I love doing Six Degrees of Separation, a monthly link-up hosted by Kate at Books Are My Favourite and Best. Each month a book is chosen as a starting point and linked to six other books to form a chain. A book doesn’t need to be connected to all the other books on the list, only to the one next to it in the chain.
This month it’s a wild card – the chain begins with the book that ended our July chains, which means that my starting book is Gaudy Night by Dorothy L Sayers.
It’s set at Shrewsbury College at Oxford University. Harriet Vane attends the Shrewsbury Gaudy (a college reunion involving a celebratory dinner). It doesn’t go well – there are poison pen letters, nasty graffiti and vandalism causing mayhem and upset. It’s 1935 and explores the role of women in society, particularly with regard to education and marriage and the importance of truth and honesty.
My first link is the word ‘night’ in the title:
Endless Night by Agatha Christie. It differs from most of her other books in that it is a psychological study. It reminded me very much of Ruth Rendell’s books, writing as Barbara Vine. It has the same suffocating air of menace throughout the book, with more than one twist at the end. It’s a murder mystery, but there is little or no detection, and no investigators – no Poirot or Miss Marple – to highlight the clues to the murders, for there are several.
So, my second link is, The Brimstone Wedding, by Barbara Vine, also a book full of a menacing atmosphere. In it Stella, reveals her past as she talks to Jenny, one of the carers at the retirement home where she lives. It’s all very subtle at first with tantalising hints about what had really happened in Stella’s past. But the full horror is left to the end – it’s not horrific in the overblown graphic sense, but in a sinister, psychological way that really is ‘chilling’ and inexpressibly sad.
And my third link takes me to another chilling book, The Craftsman by Sharon Bolton – a remarkably powerful book, full of tension and fear. Assistant Commissioner Florence Lovelady attends the funeral of Larry Glassbrook, the convicted murderer she arrested thirty years earlier. The victims had been buried alive. But as she revisits the scenes of the burials she starts to think that maybe Larry wasn’t the murderer after all.
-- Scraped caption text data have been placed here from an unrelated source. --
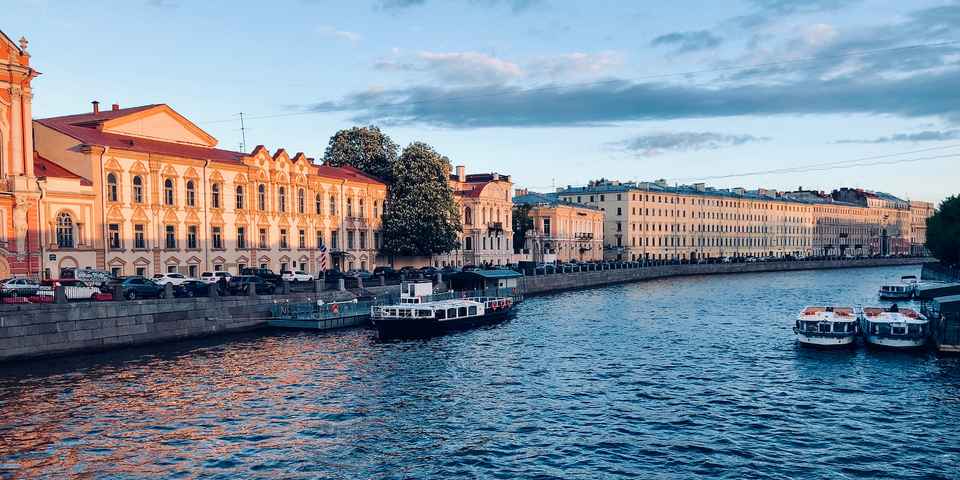 Топ красивых городов России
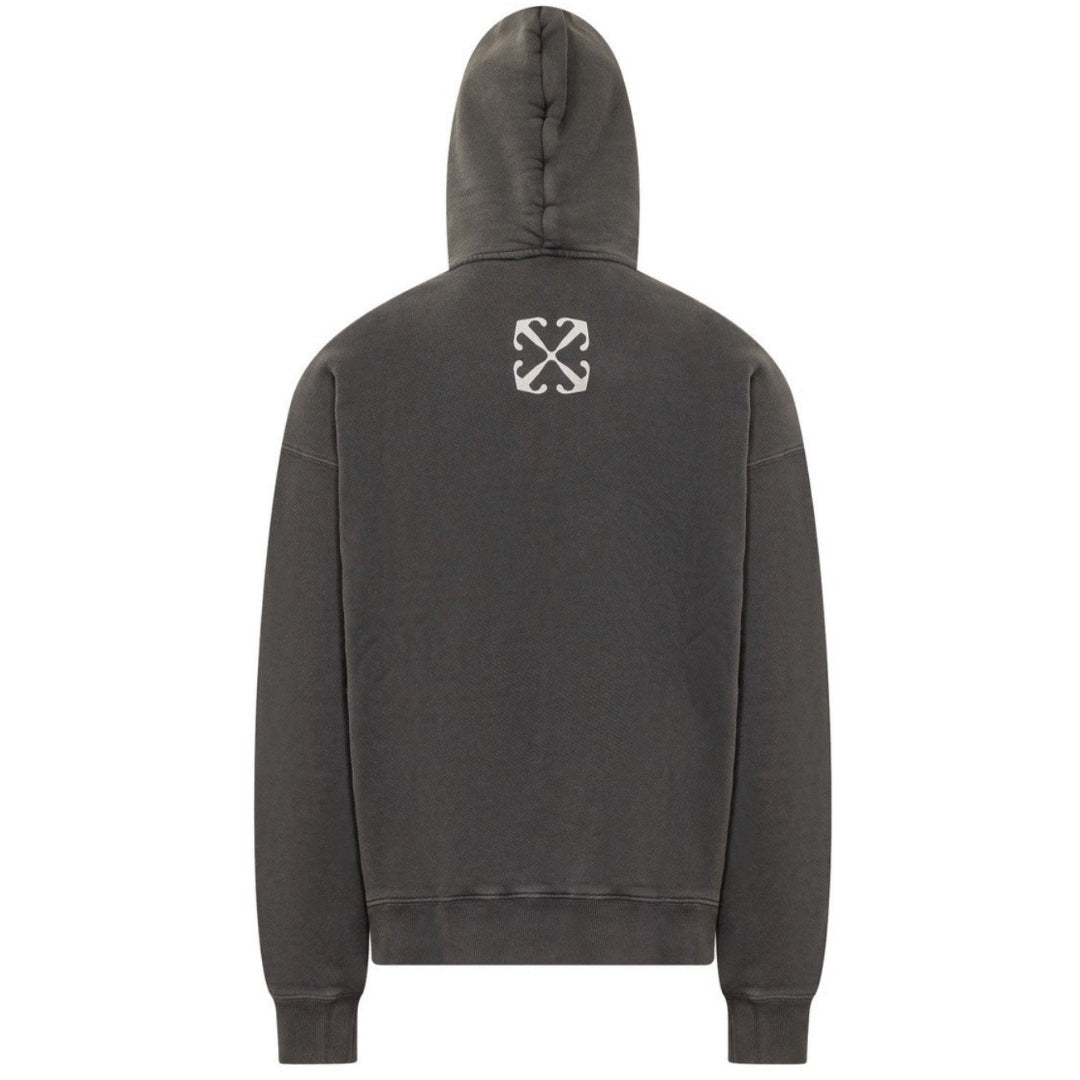 Off White Bacchus Black Skate Hoodie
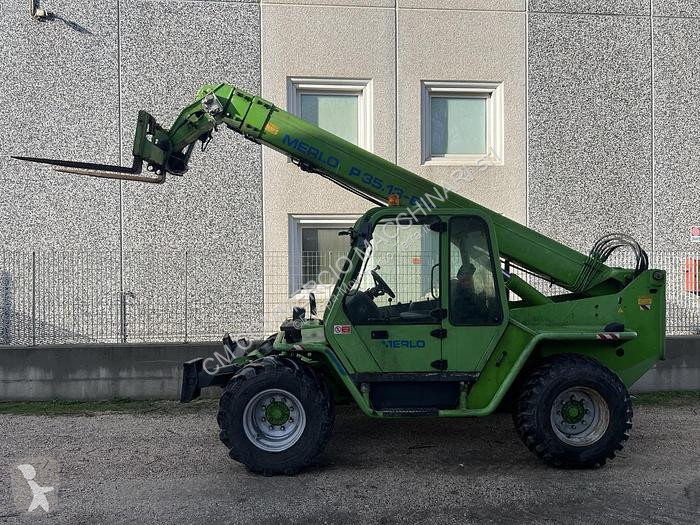 Chariot télescopique Merlo P35.13EVS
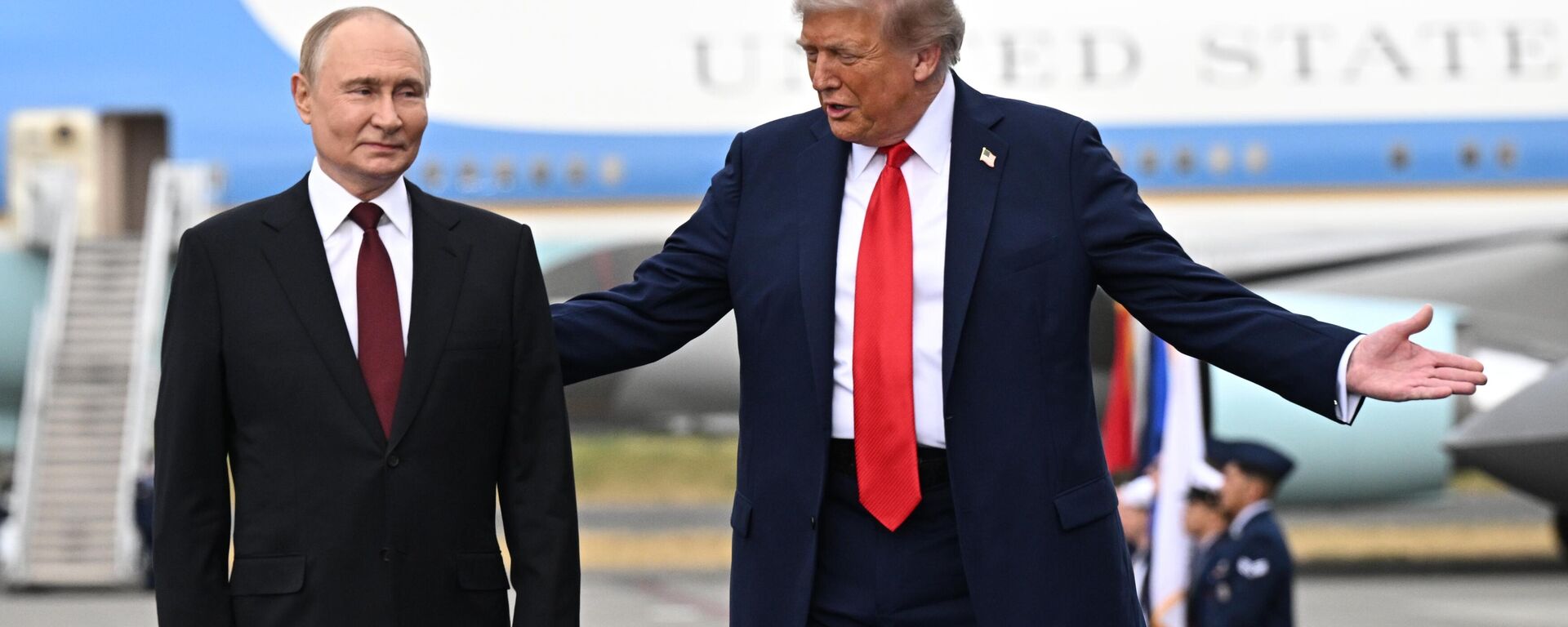 Rusya Devlet Başkanı Putin ve ABD Başkanı Trump Alaska'da - Sputnik Türkiye, 1920, 03.09.2025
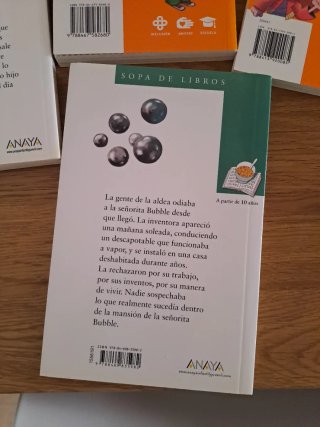 Libros infantiles a partir de 8 años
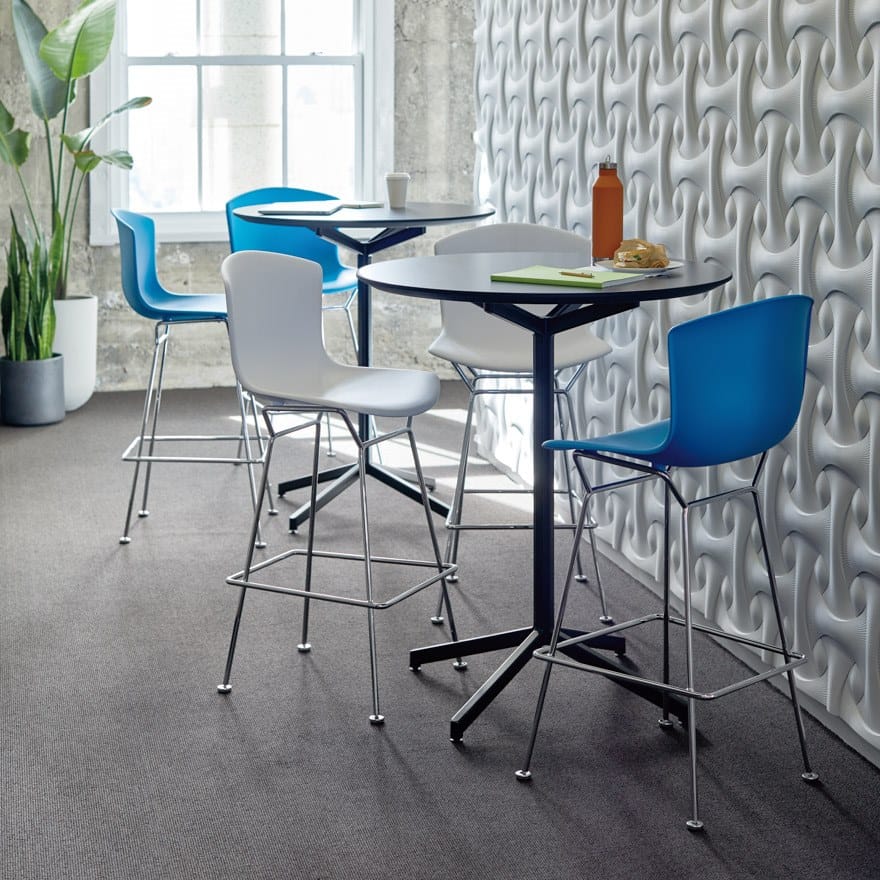 Пластиковый стул со спинкой Knoll Bertoia ARCH-00106078 - Вид №4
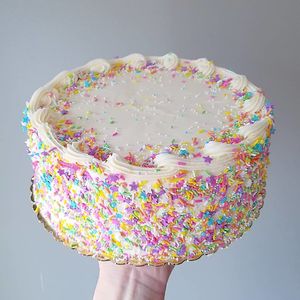 Confetti Cake at Batter & Crumbs in Philadelphia
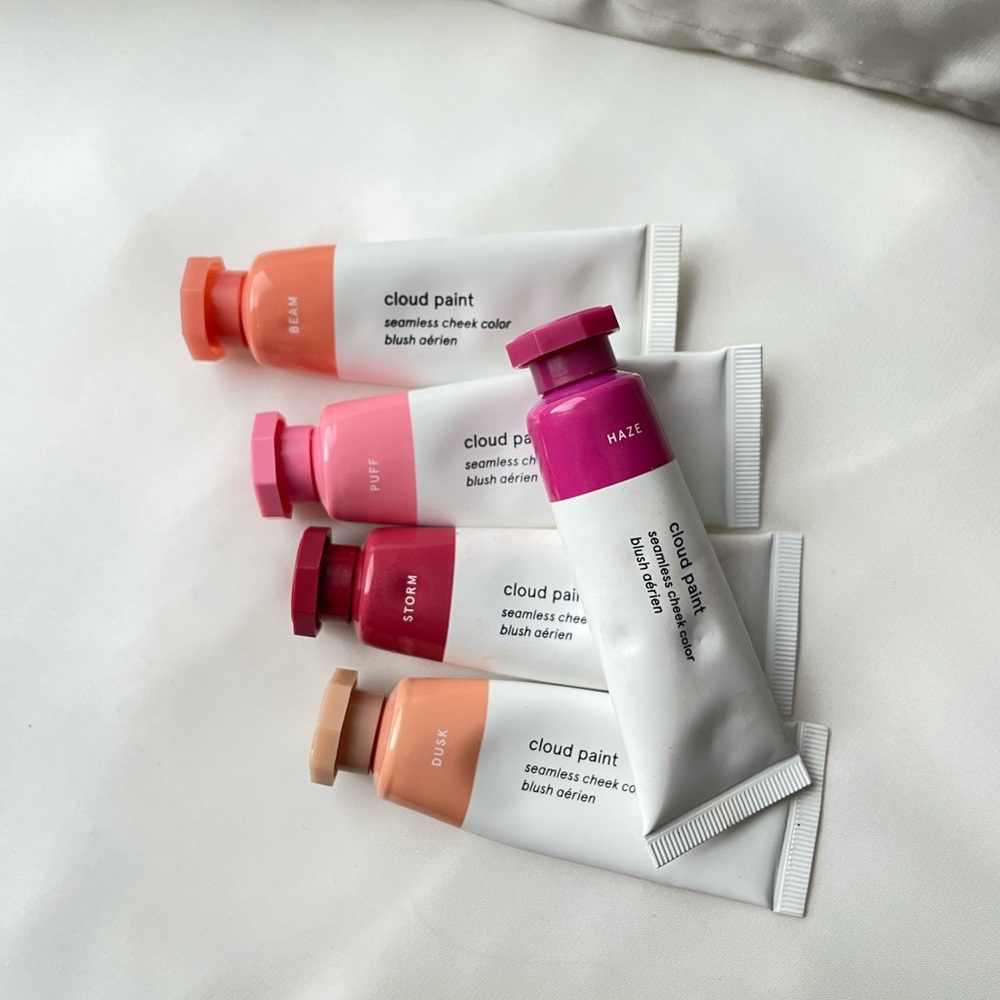 NEW Glossier Cloud Paint Set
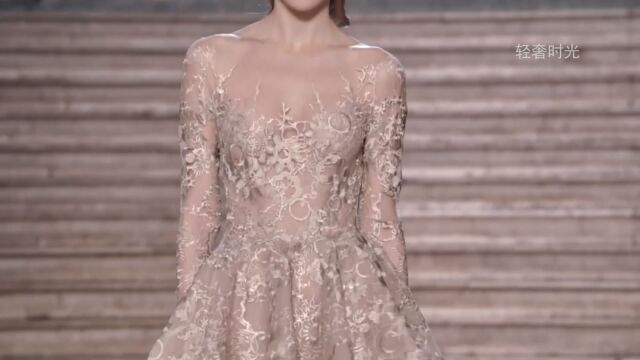 女装小高定品牌Tony Ward(托尼ⷧ“楾𗠩2020年SS高级女士秀场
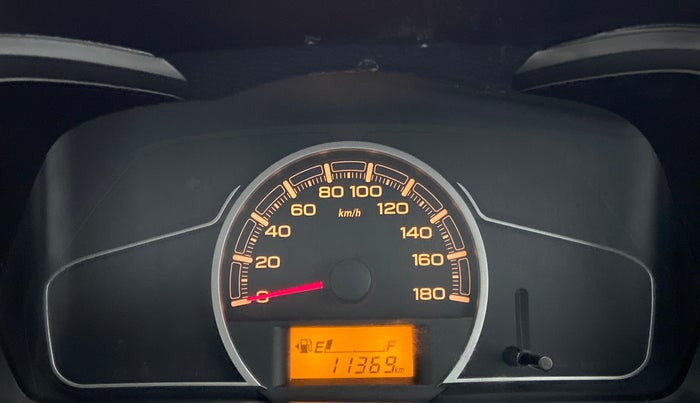2022 Maruti Alto LXI O, Petrol, Manual, 11,369 km, Odometer Image
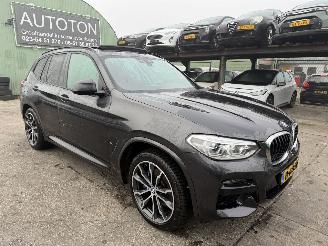 Schadeauto BMW X3 30e 135KW xDrive Autom. Pano Clima Navi NAP 2020/6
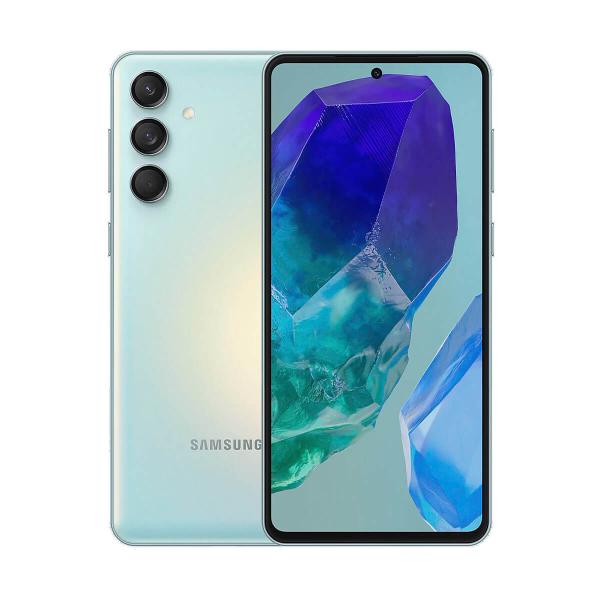 Samsung Galaxy M55 5G 8 GB/128 GB Grün (Hellgrün) Dual-SIM
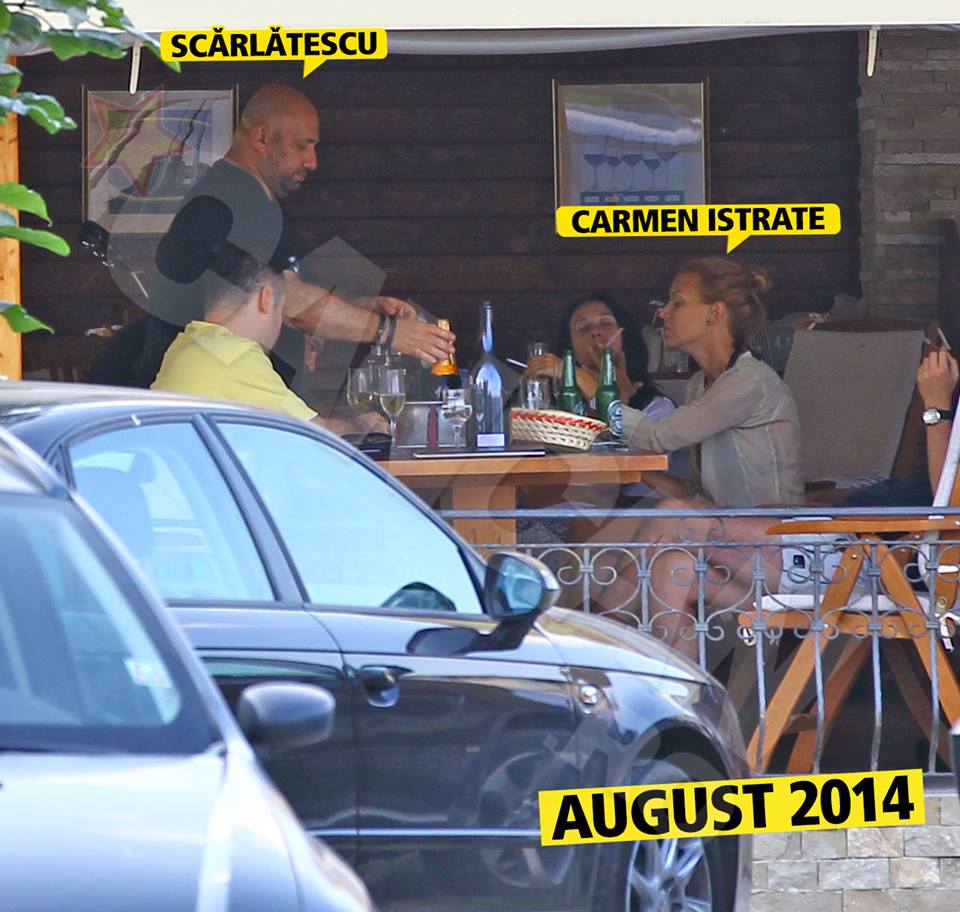 Carmen, alaturi de Catalin Scarlatescu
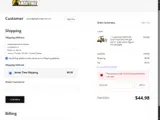 FLASH20 coupon verification screenshot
Moving away from chilling books about death and burials my mind jumped to a completely different book about death – The Graveyard Book by Neil Gaiman. This is the story of Bod, the baby who escapes a murderer. He stumbles into the local disused graveyard where he is rescued by ghosts. Silas, who is neither dead nor alive appoints himself as his guardian. It’s about life, love and friendship, loyalty and the fight between good and evil. Above all it is about growing up and the excitement and expectations that Bod has about life.
Another character called Silas is Silas Marner, written by George Eliot about a weaver who was wrongly accused of theft and left his home town to live a lonely and embittered life in Raveloe where he became a miser, hoarding his gold and counting it each night. George Eliot is the pen name of Mary Anne Evans.
Finally this leads me to my last link, The Cuckoo’s Calling by Robert Galbraith, J K Rowling’s pen name. It’s crime fiction, set in the world of Cormoran Strike , an ex-army private detective, who is struggling to get clients and pay his bills, sleeping on a camp bed in his office.
My links are via the word ‘night’, chilling books, death and burials, characters called Silas and authors using pen names (the links on titles are to my posts on the books). I have read and enjoyed all these books.
Next month (September 7, 2019), we’ll begin with A Gentleman in Moscow by Amor Towles – a book I haven’t read, or even heard of before.